By the time she escaped to college, as far from home as she could get, Cara had matured into a fierce woman, always pushing, always testing. She changed her name, changed her appearance, changed her style. Anything to get away. And it seemed to have worked. After a few scary near-misses, including a mugging outside a nightclub, she knew she had made it. She had broken away. She was finally free, even if freedom meant failure.
And with her new freedom, she settled down. Got back to her studies, slowly but surely reconquered her abandoned life. She even fell in love with a fellow student at university -- John. His quick smile and quiet confidence made her feel at home for the first time in years.
Under the tarp, in the rain, she shook her head, forcing herself to focus on the task at hand. Now she was the protector. She was the Sentinel. She put her eye to the high power scope of her .50 BMG rifle, awaiting her target. He would have to stop by his rooftop eyrie to recharge soon, the last couple days of rainy weather making solar power problematic. She'd done her best to manipulate him, keeping his attention below the cloud layer so he couldn't recharge. Her patience would soon pay off. She thought of what had happened to John, her jaw clenching.
The target landed on the roof of the building.

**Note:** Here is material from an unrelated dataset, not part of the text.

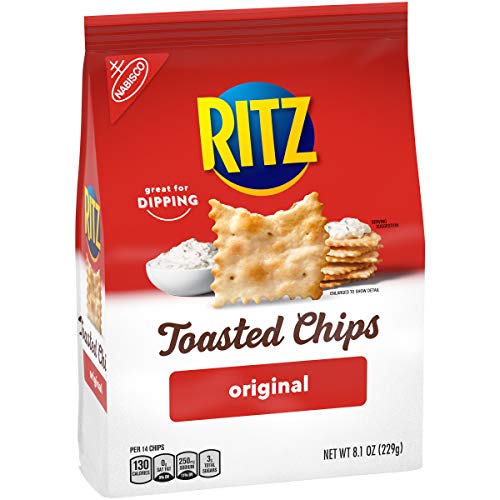 Ritz Toasted Chips Original, 8.1 Oz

She thumbed on the fuzzy logic system in the scope and waited for it to make a recommendation based upon the distance and wind speed. John had just been what his friends called him, of course -- she thumbed off the safety and took up the slack first stage of the trigger -- most people had trouble pronouncing Guangxing, after all. So he always said, "I'm Guangxing Li -- just call me John" with that sudden smile of his. Inside the scope a red dot appeared a foot above the Angel's shoulder -- where to aim if she wanted to hit his head. Poor John --the police had found him just after her Sentinel had, his head crushed, the words, "DIE CHINK DIE" carved on his chest in crude block letters. The odd footprints leading away from the body stopped in the middle of a field, as if the assailant had suddenly taken to the air. She remembered standing over the coroner's table in shock, John's ring on her finger and his baby just beginning to grow in her belly. What lengths would her Angel go to protect his bloodline? What lengths would *she* go to?
The BMG went off with a sound reminiscent of worlds colliding. She chambered another round, though there was no need, and watched dispassionately as the chrome angel fell first to it's knees, then forward onto its chest. As she let out a shuddering sigh, she realized it was all over. A surprising sense of emptiness came over her. What next?
She knew, somewhere out in the world her son was living, just barely old enough to be on his own, really -- raised in secret, on the run, she hadn't been able to give him much. She could go to protect him. She could, but would not; she loved him enough to let him make his own mistakes.